Aber es gibt ja noch mehr “Beweise”! Auf dem 100-Franken-Schein sieht man sogar die Annunaki selbst, die Aliens die auf Planet X/Nibiru leben (und die uns demnächst alle versklaven werden damit wir in ihren Goldbergwerken arbeiten – kein Witz, so geht die Geschichte):
Ja, die Typen schauen wirklich komisch aus. Aber das sind keine Aliens, sondern das ist Kunst. Und zwar die Skulptur “L’homme qui marche I” von Alberto Giacometti – der auch auf der anderen Seite des Scheins abgebildet ist.

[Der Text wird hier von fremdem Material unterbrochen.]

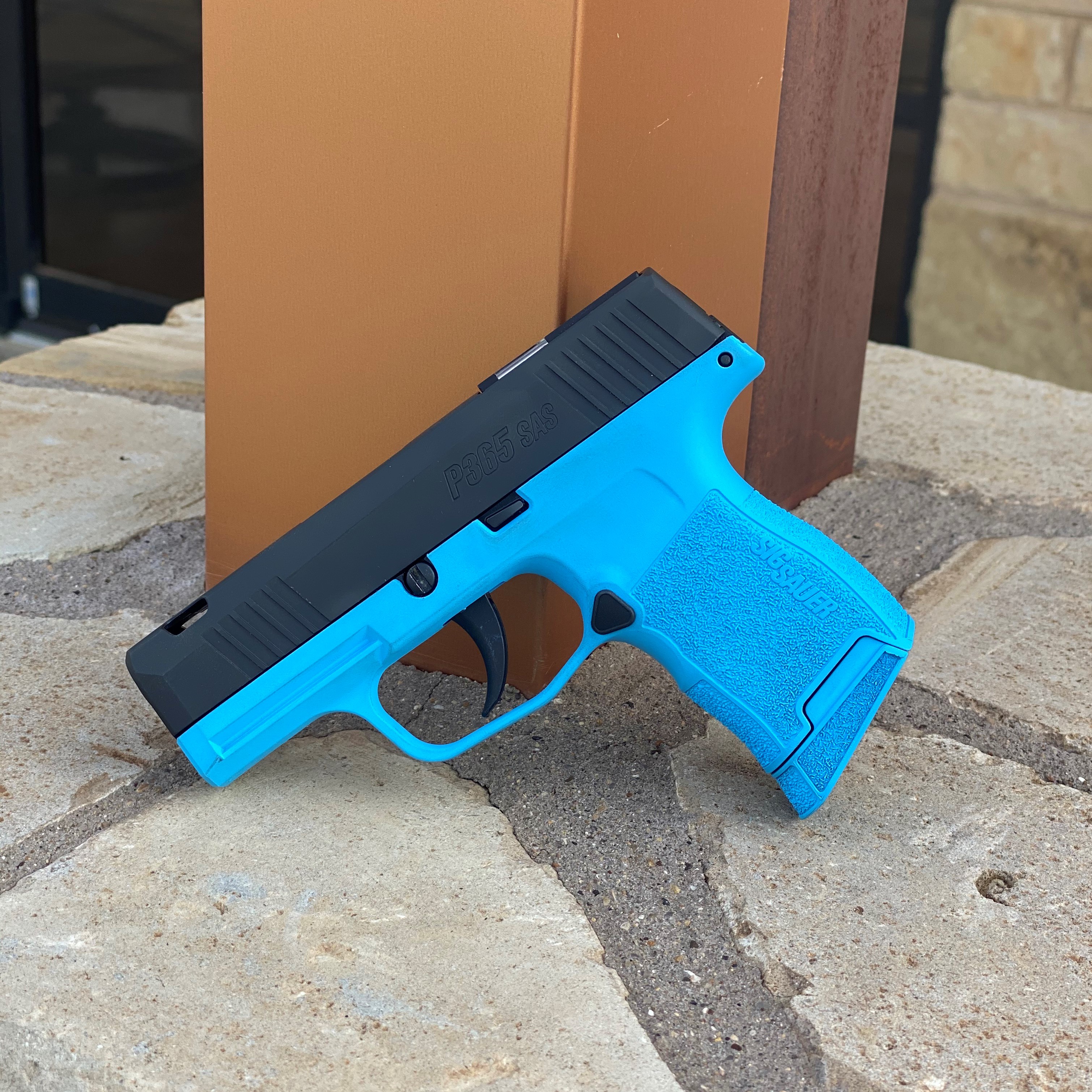 SIG Sauer P365 SAS Cerakoted using Blue Raspberry | Cerakote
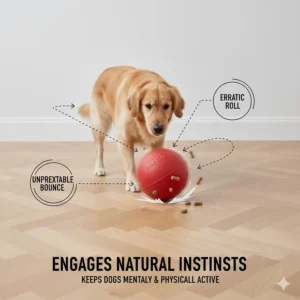A motion-style illustration showing the unpredictable wobble and roll of the toy to keep dogs engaged.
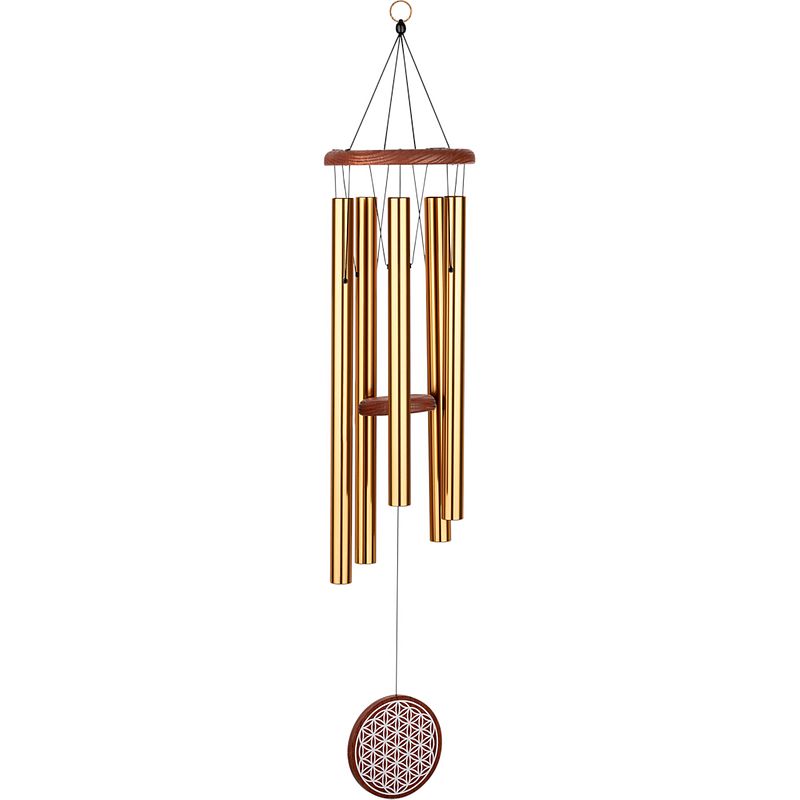 Foto van Meinl folmc36b meditation chime flower of life bronze windchime met 5 staafjes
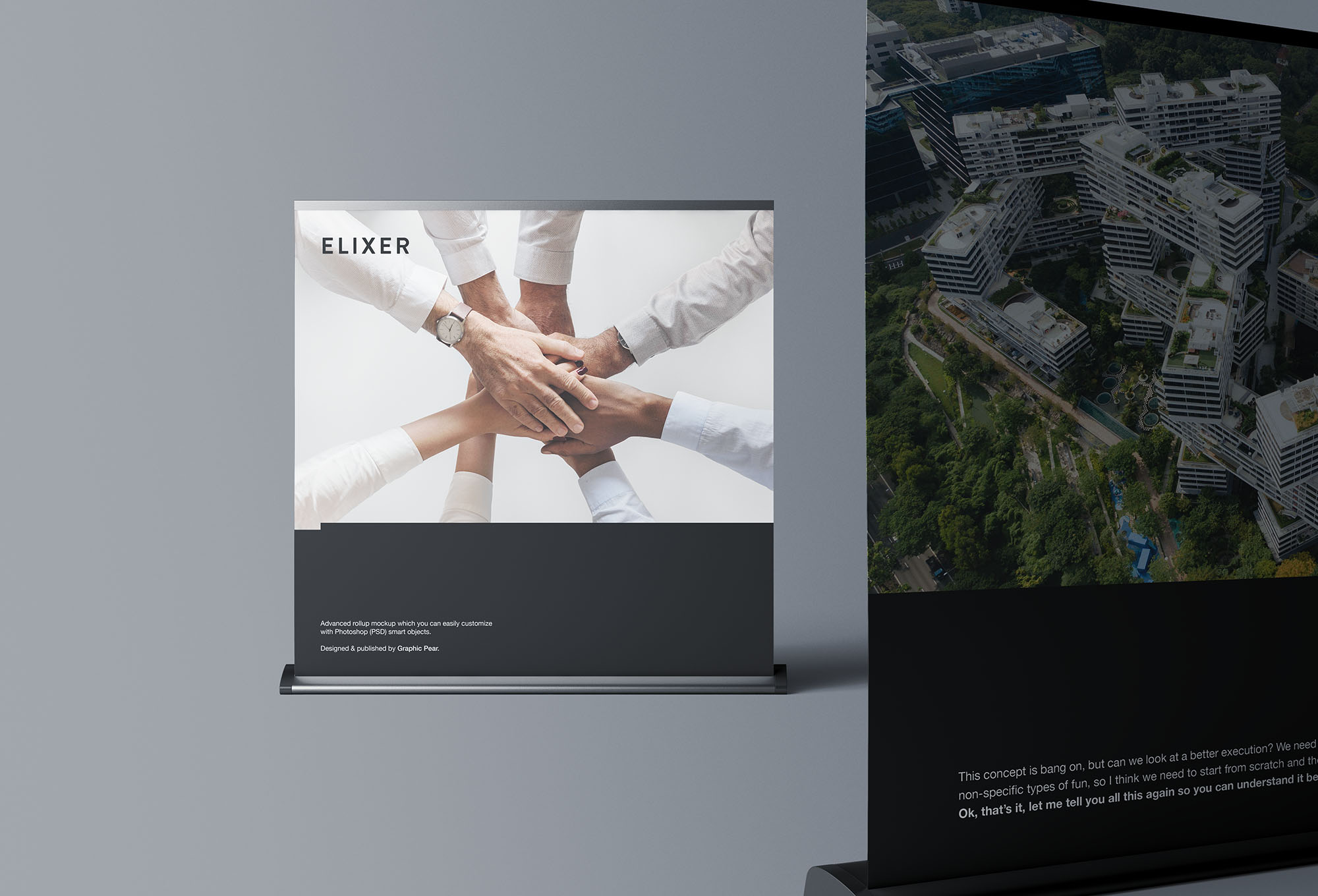 立式方形海报展架PSD样机模板 Wide Rollup Mockup插图(7)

Aber wer tatsächlich daran glaubt, die Schweizer Bank würde Informationen über unbekannte Planeten auf ihren Geldscheinen verbreiten (wäre ich Geheimnisträger, dann würde ich persönlich ja einfach die Klappe halten und nix sagen), der lässt sich von solchen Fakten nicht wirklich beeindrucken. Die Verschwörungstheoretiker sind sich ja nichtmal einig, was denn nun auf dem Schein zu sehen sein soll. Planet X/Nibiru, sagen die einen – der Komet Elenin (das neue Liebkind der Weltuntergangsfreaks), sagen die andern (hier zum Beispiel).
Wie jemand auf die Idee kommt, der Komet auf dem 10-Franken-Schein könnte Elenin sein, versteh ich ja so gar nicht. Nochmal: es ist nur eine schematische Darstellung des Sonnensystems und einer Kometenbahn, kein reales Abbild. Wenn es das wäre, dann handelt es sich hier um einen kurzperiodischen Kometen, der die Sonne im gleichen Bereich umkreist wie die Planeten und für eine Umrundung weniger als 200 Jahre braucht. Bei Elenin handelt es sich allerdings um einen langperiodischen Kometen der etwa 12000 Jahren braucht um sich einmal um die Sonne zu bewegen und sich dabei weit von ihr entfernt. Enorm weit; etwa 500 mal weiter als die Erde von der Sonne entfernt ist bzw. 50 Mal weiter als die Bahn des Saturn von der Sonne entfernt ist – als auch deutlich weiter als der Komet auf dem Schein. Hier ist ein Bild der echten Bahn von Elenin und man sieht, dass er sich weit über die Bahnen von Saturn, Uranus und Neptun hinaus bewegt:
Ich frage mich ja, was gerade die Schweizer mit Planet X am Hut haben. Eigentlich ist ja die Europäische Union immer die Ausgeburt des Bösen. Gibts keine geheimen Botschaften auf den Euro-Scheinen?